By Andrew C. Hall, ESQ. - Hall, Lamb and Hall, P.A.

Many of us have experienced bad break-ups; few relationships last forever and parting ways can be an emotionally charged event. Dissolving a business partnership is no exception. But terminating a corporation does not have to be miserable or confrontational. On the contrary, any business break-up can be fair and just.

While most dissolutions are unexpected and complicated, a dose of foresight can make these events feel deliberate and straightforward.

The best course of action for ending a business relationship entails arriving at a comprehensive agreement. Unfortunately, the circumstances surrounding a termination often make such an agreement very difficult. That said, business partners should consider including the mechanics of termination in the agreement that initially creates the relationship.

Because the termination process is part of the boilerplate of standard agreements, principals rarely spend time on this area. Their line of thinking is natural: why discuss our business divorce before the marriage? However, this is precisely when these matters should be resolved, since fairness will still be the order of the day.

Common questions when addressing termination include: When can the agreement be terminated?; What are the rights of each party during the termination process and beyond?; How will the rights be established and who will do the same?; Where will control rest until the process is completed; What information will each party be entitled to along the way; and How will disputes be resolved, including the choice of forum and methodology?
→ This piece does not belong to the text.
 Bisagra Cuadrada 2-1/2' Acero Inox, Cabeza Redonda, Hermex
Failure to contemplate these issues may require the dissolution to be resolved in court. When a deadlock exists as to the management of a company’s affairs — or when there are less than 35 shareholders and corporate assets are being wasted or misapplied, or the directors are acting or expected to act in a manner that is illegal or fraudulent — a shareholder may move for judicially dissolution under Fla. Stat. Sec. 607.1430.

When appropriate,the court can protect shareholders by appointing a receiver, custodian, or provisional director. If the case proceeds, the court may dissolve the corporation, in which case the business’s assets are used to pay debts and any surplus is proportionately distributed among shareholders.
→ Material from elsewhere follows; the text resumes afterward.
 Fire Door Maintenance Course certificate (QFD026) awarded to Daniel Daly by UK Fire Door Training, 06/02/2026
Fla. Stat. Sec. 607.1436 also provides for an extraordinary alterative: the corporation or any one or more of its shareholders may formally elect to buy the shares of the complaining shareholder within 90 days of the petition’s file date. The parties will then determine a share’s fair market value on the day of the petition (values can be adjusted to eliminate the effect of the behavior that is complained of). If the parties cannot agree, the court can stay the dissolution proceeding, conduct a valuation trial, and set the value.

At this point, the court may set terms for purchase, including security, and provide for interest and installments. Expenses and costs may be awarded. If the corporation or the shareholders are not compelled to buy after the valuation trial, they have an option to file articles of dissolution, which effectively liquidate the corporation.

While this process can be expensive and time consuming, it is fair. The complex nature of dissolving a business underscores the importance of finalizing an agreement ahead of time — when the relationship is still warm and fuzzy.

By Andrew C. Hall, ESQ.
Hall, Lamb and Hall, P.A.
2665 S. Bayshore Drive PH1
Miami FL 33133

South Florida Legal Guide 2010 edition

Tags: breaking up is hard to do (so plan ahead!)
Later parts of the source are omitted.